## The data
_ _ _

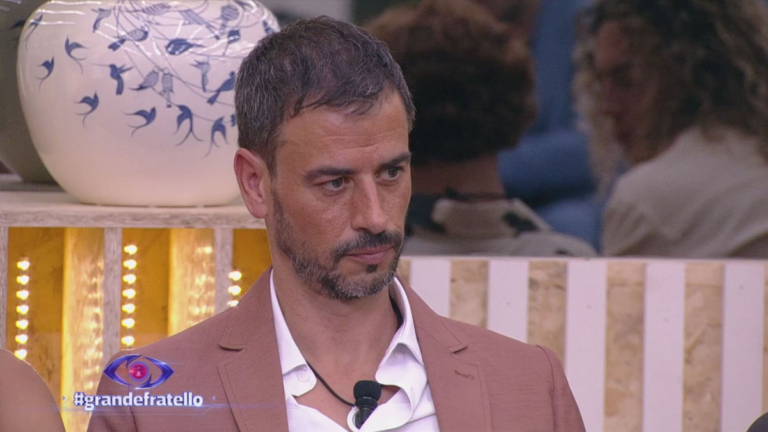 Grande Fratello: La Frase di Lorenzo Spolverato Scatena il Caos, Dubbi sulla Trasparenza del Reality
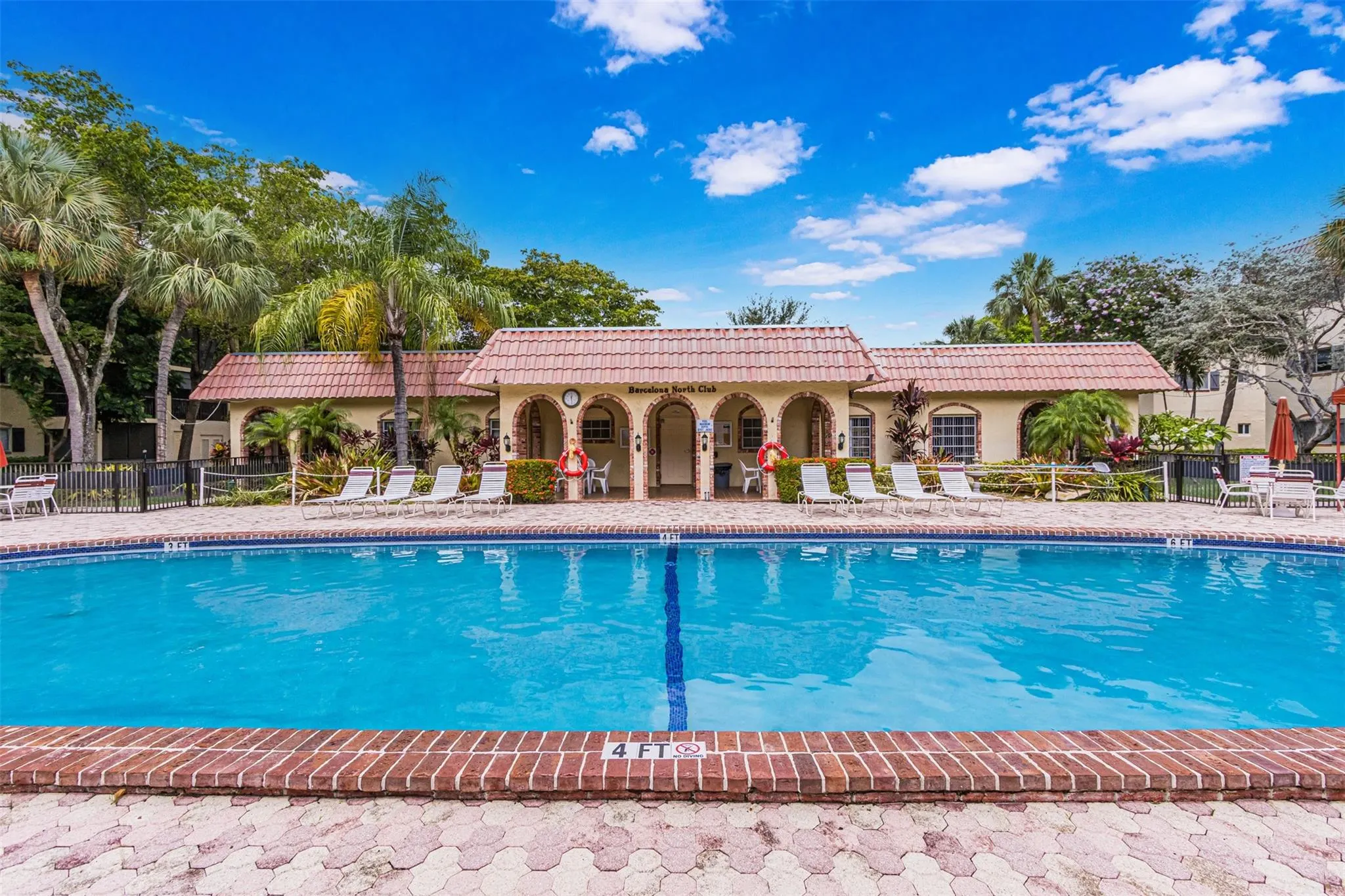 259 S Cypress Rd, #501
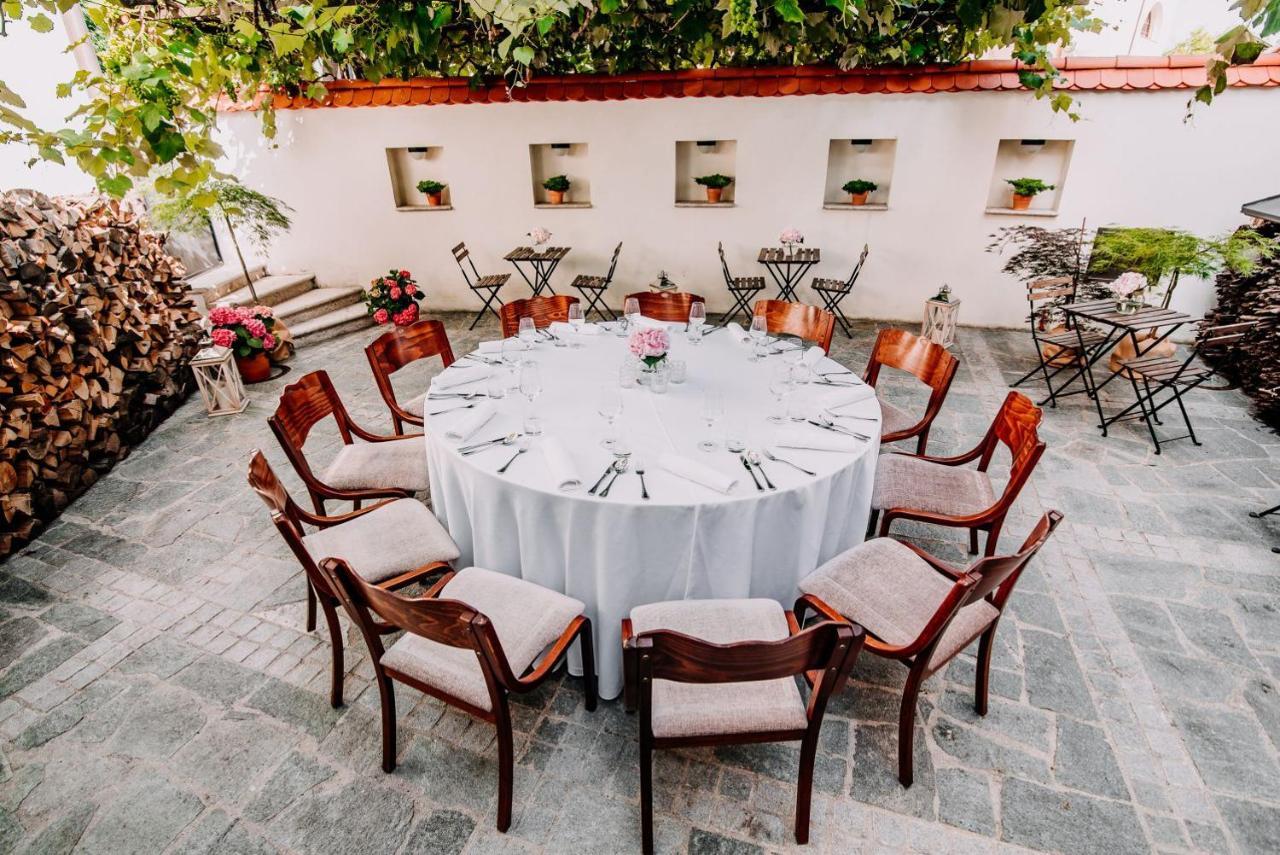 Apartments Avio Zgornji Brnik Экстерьер фото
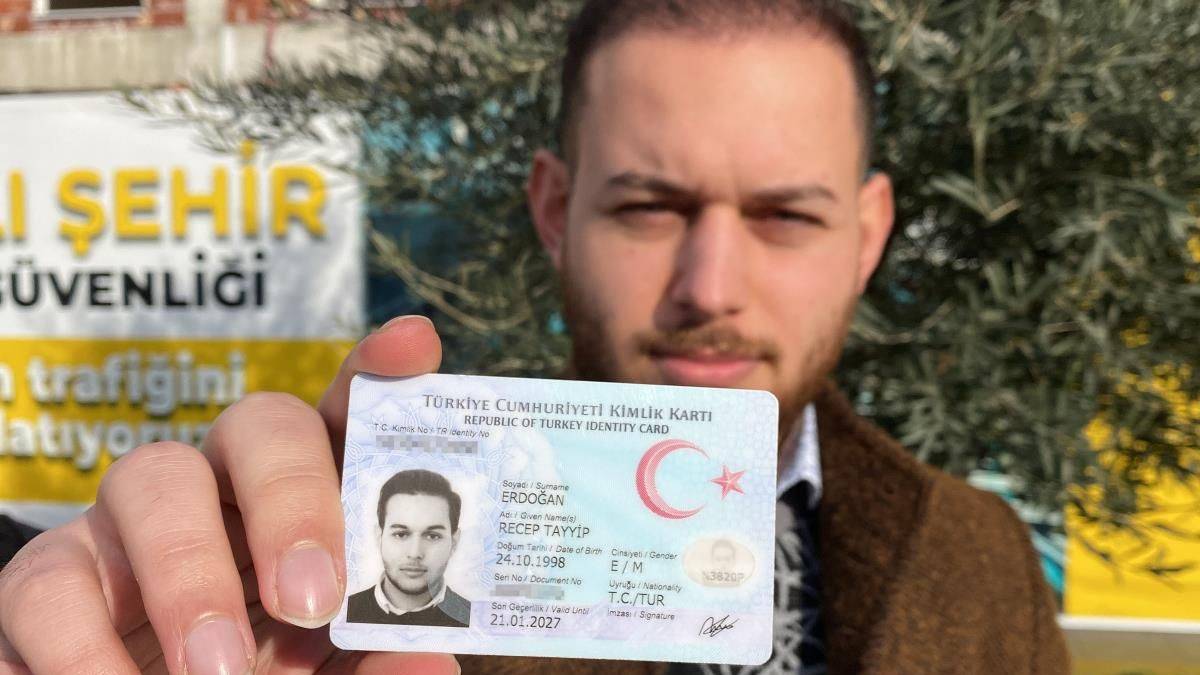 Adının Recep Tayyip Erdoğan olduğuna kimse inanmıyor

_ _ _

## What you are asked to do
Could you reproduce all of the data above exactly and skip any image?

## Response below
 Grande Fratello: La Frase di Lorenzo Spolverato Scatena il Caos, Dubbi sulla Trasparenza del Reality
 259 S Cypress Rd, #501
 Apartments Avio Zgornji Brnik Экстерьер фото
 Adının Recep Tayyip Erdoğan olduğuna kimse inanmıyor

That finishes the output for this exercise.